The deportation follows months of political signaling by the new conservative-led government that it intended to resume returns to Syria, at least for those convicted of serious crimes. In early November, Dobrindt said Berlin was “in the process of preparing returns to Syria,” citing the German government’s coalition agreement, which states: “We will deport people to Afghanistan and Syria — starting with criminals and those deemed a threat to public safety.” Also in November, German Chancellor Friedrich Merz invited Syrian President Ahmed al-Sharaa to Germany to discuss deporting Syrian citizens with criminal records to Syria.
“I will say it again: The civil war in Syria is over. There are now no longer any grounds for asylum in Germany,” Merz said.
The issue has seen some pushback within the government. During a visit to Damascus in late October, Foreign Minister Johann Wadephul questioned whether deportations beyond “very few exceptional cases of truly serious criminals” were appropriate. Visiting Harasta, a suburb of Damascus heavily damaged during the civil war, Wadephul described the destruction as overwhelming: “I have never personally seen such a large scale of destruction. They cannot return in the short term.”

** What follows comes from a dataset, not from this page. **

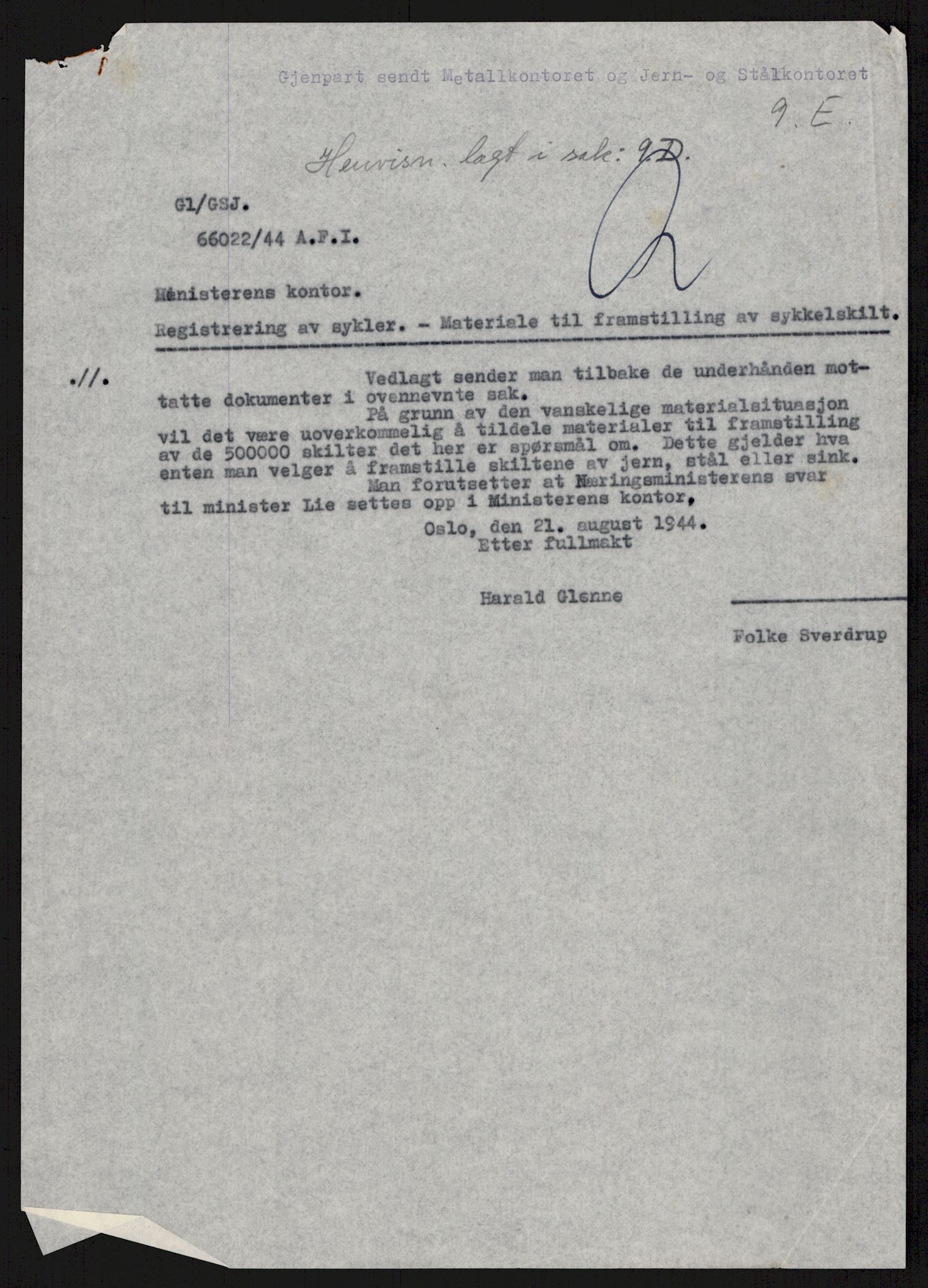 Direktoratet for industriforsyning, Sekretariatet, AV/RA-S-4153/D/Df/L0055: 9. Metallkontoret, 1940-1945, s. 251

Background: In April, former Interior Minister Nancy Faeser traveled to Damascus and met with her Syrian counterpart, Anas Khattab. In a statement at the time, Faeser said Germany’s “first priority is to deport criminals and Islamist extremists as quickly as possible,” while stressing that Syrians who had built stable lives in Germany “should of course have the possibility to remain.” Others, she added, would return “when the hope of peace has become a reality,” via voluntary returns.
The break with policy comes about a year after Syria’s former government, led by President Bashar al-Assad, was toppled by a rebel offensive headed by Islamist group Hayat Tahrir al-Sham in December 2024.
The shift also comes amid mounting domestic political pressure and rising support for the far-right, anti-immigration party Alternative for Germany. A survey conducted earlier this month by YouGov for the German news agency dpa found that 53% of German respondents fully supported Dobrindt’s goal of reducing the number of asylum seekers entering the country, while a further 23% said they tended to support the policy. Only 15% opposed it, with the remainder undecided. Conservative Chancellor Friedrich Merz has pledged tougher border controls and faster deportations as part of a broader crackdown on irregular migration.
Meanwhile, the AfD won just over 20% of the vote in the last federal election in February this year, becoming the second-largest party in parliament, but was excluded from coalition talks as mainstream parties refused to govern with it.
Know more: Roughly 1 million Syrians fled to Germany to escape the civil war, many arriving during the 2015 refugee crisis. For years, German courts and authorities — in line with de jure or de facto policy across much of Europe — blocked deportations to Syria on the grounds that returnees faced a serious risk of persecution or inhumane treatment.